THEME 1 SECTION 2: ( THE MARKET ) Flashcards
What factors can lead to changes in demand?
- Substitutes
- Income
- price
- Demographic
- Season
What are 3 factors that can lead to change in supply?
- Technology changes
- Productivity
- Price
- Tax
- External shock
What happens when supply exceeds demand?
Prices will fall in order for surplus supply to be sold easier
What happens when demand exceeds supply?
Prices will rise rise as there is less to sell on and more money needs to be made to make more supply.
What is the difference between a change in price and a change in supply and demand on a graph?
- Price changes cause a movement along the curve, supply and demand changes cause the curve to shift.
- A rise in supply or demand means a shift right
- A fall in supply or demand means a shift left
Define PED
PED= price elasticity of demand, it shows how responsive demand is in relation to price changes. Showing whether an item is elastic or inelastic.
-Helps to price items
Define YED
YED= income elasticity of demand, shows how responsive demand is to income changes on certain products .
Showing whether they’re normal goods, luxuries or inferior
-help when economic change occurs
What figures can show whether a product is elastic or inelastic in regards to PED?

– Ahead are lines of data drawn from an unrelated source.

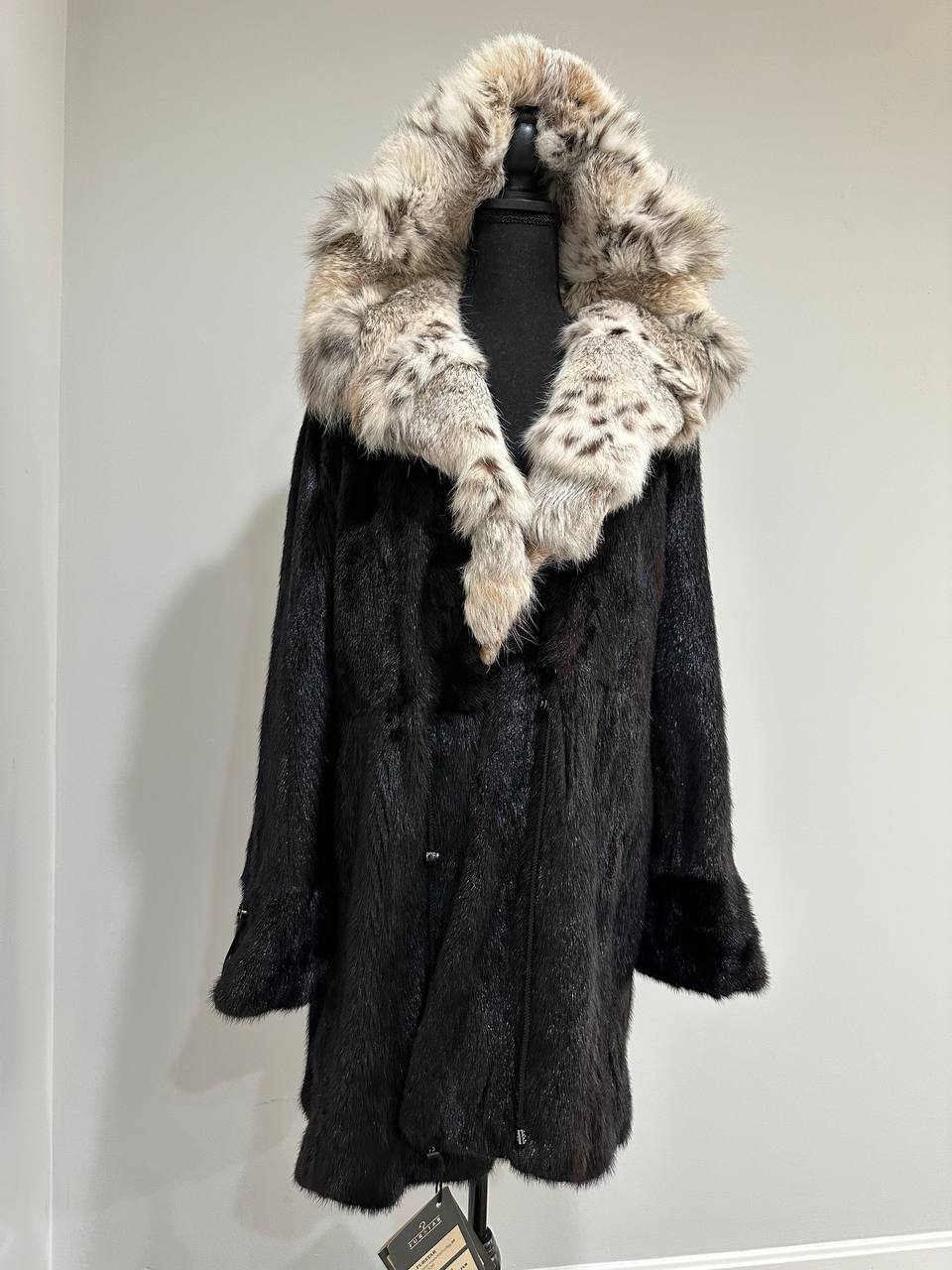 NEW Natural Real Dark Brown Black Mink M size Coat Natural Lynx Hooded 1201140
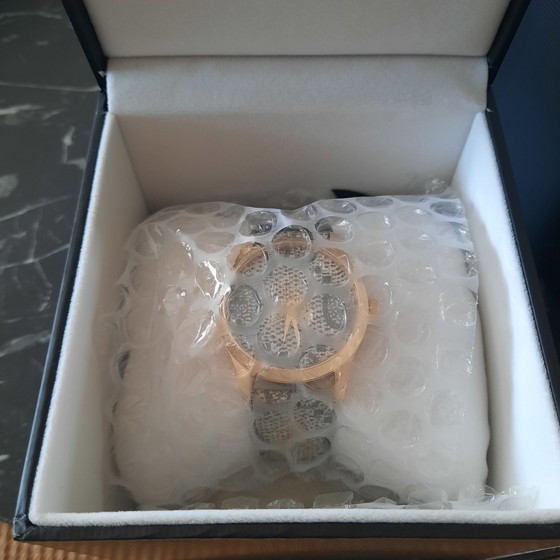 Image 1 of montre Gucci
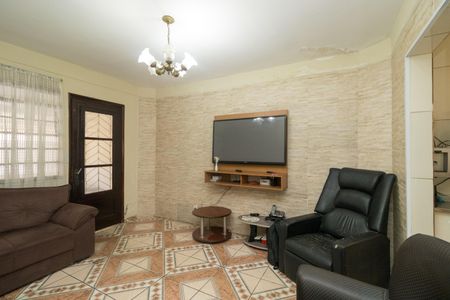 Casa à venda com 225m², 4 quartos e 2 vagas Casa à venda com 225m², 4 quartos e 2 vagasSala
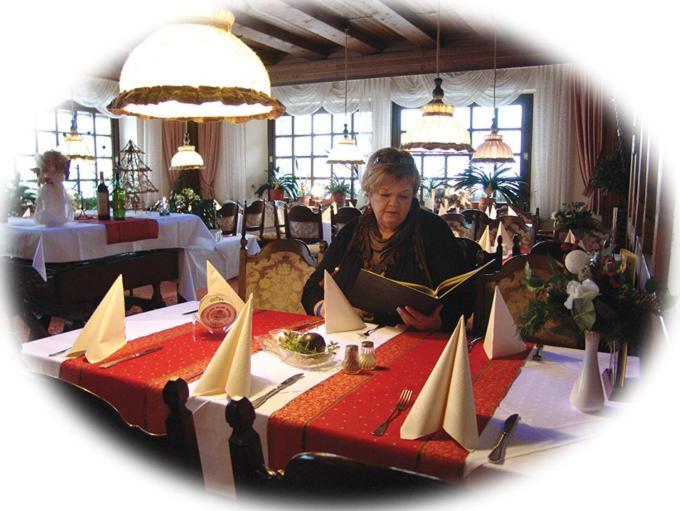 Landhotel&Restaurant Westerwaldgrill Höhn Buitenkant foto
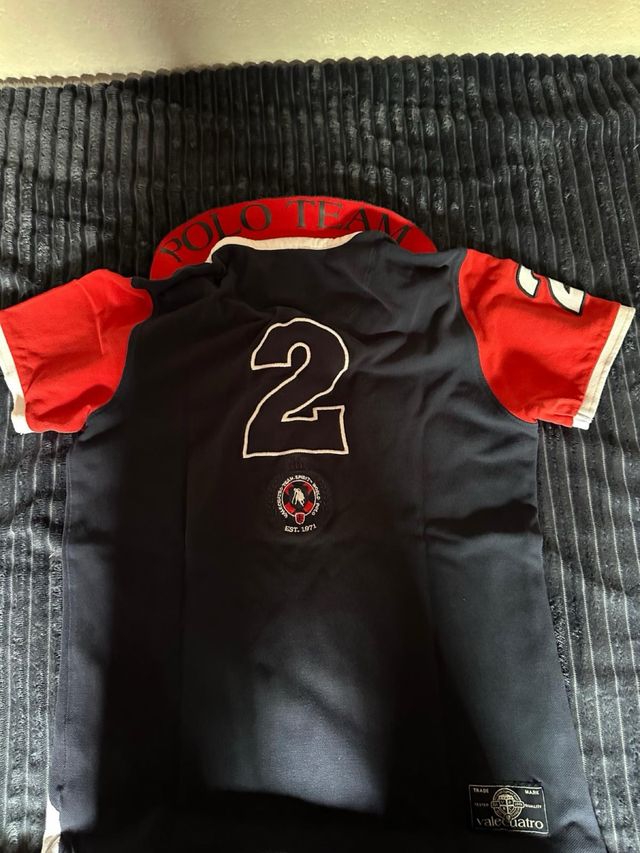 Polo Valecuatro Azul Marino y Rojo en buen estado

- IF the figure is more than one, or if in the equation the quantity demanded is greater than the price change then it is an ELASTIC good
- IF the figure is less than one, or if in the formula the quantity demanded is less than the price change it is INELASTIC
What figures can show whether a product is a necessity/normal , luxury or an inferior good?
- IF it is more than 1 (positive YED) = A luxury good
- IF it is less than 1 but more than 0 (Positive YED)= A normal/necessity
- IF its a negative figure that’s less than 0 ( negative YED) = inferior
Equation for PED
%change in demand / %change in price
Equation for YED
% change in demand / % change in income
what is the relationship between PED and total revenue?
Price and total revenue have a negative relationship, when demand is elastic = increases in price will lead to decreases in total revenue.